We are running a survey to help us improve the experience for all of our members. If you see the survey appear, please take the time to tell us about your experience if you can.
I'm measuring worst case execution time of an application. I would like to flush L1, L2 (Instruction and Data) cache and then begin my measurements.
Is it doable from user mode?
Processor: ARM Cortex A9
OS: Linaro Linux
For the L1 caches, no. The ARMv7-A/R Architecture Reference Manual says:
B4.2.1 Cache and branch predictor maintenance operations, VMSA This section describes the cache and branch predictor maintenance operations. These are: • 32-bit write-only operations • can be executed only by software executing at PL1 or higher.

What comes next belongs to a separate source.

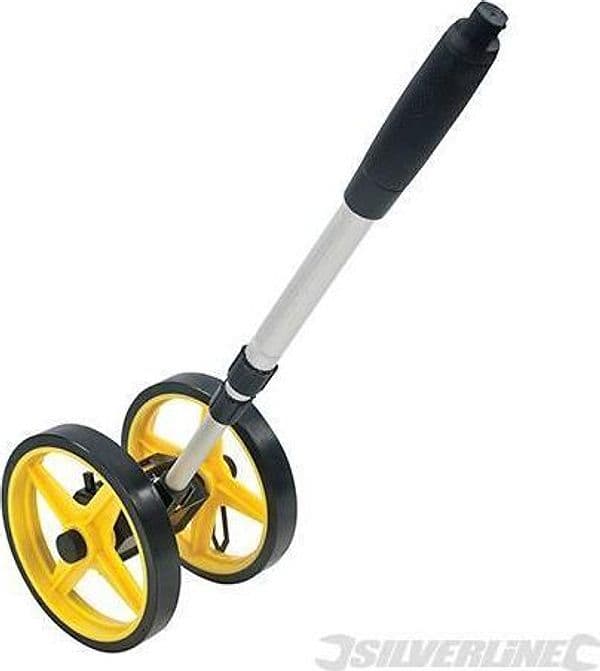 Silverline mini misuratore stradale a rotella metrica per topografia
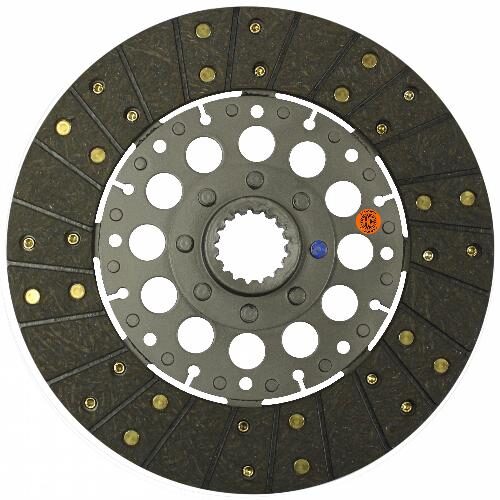 9-1/4" Transmission Disc, Woven, w/ 1-3/8" 17 Spline Hub - Reman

B4.2.1 Cache and branch predictor maintenance operations, VMSA
This section describes the cache and branch predictor maintenance operations. These are:
• 32-bit write-only operations
• can be executed only by software executing at PL1 or higher.
There might be a system call to request the OS does it for you.
The Cortex-A9 does not have a built-in L2 cache, but it is often paired with a L2C-310. The controls of the L2C-310 are memory mapped, so strictly speaking it's a question of whether they are mapped to an address you have access to. In practise it is very unlikely that the L2 cache's controls would be mapped into user space.
Hello,
Please let me know for my information.
Why do you need to manage caches in the user mode?
I think user applications need not to care of the cache behaviors.
Best regards,
Yasuhiko Koumoto.
Dear Yasuhiko Koumoto,
Difference in execution time are huge during consecutive runs (78ms, 52ms,...).
I believe flushing cache before each run will make it more deterministic.
I can randomly read/write huge data to clear cache contents. But OS may allocate a region of cache space for this operation and thus not clearing all the data in the cache.
Alternatively, measuring maximum value of 'n' runs would make sense to worst case execution time.
I wonder if there is a clean way to bring the execution time more deterministic.
Update:
I found GCC function __builtin___clear_cache(); that flushes only the instruction cache.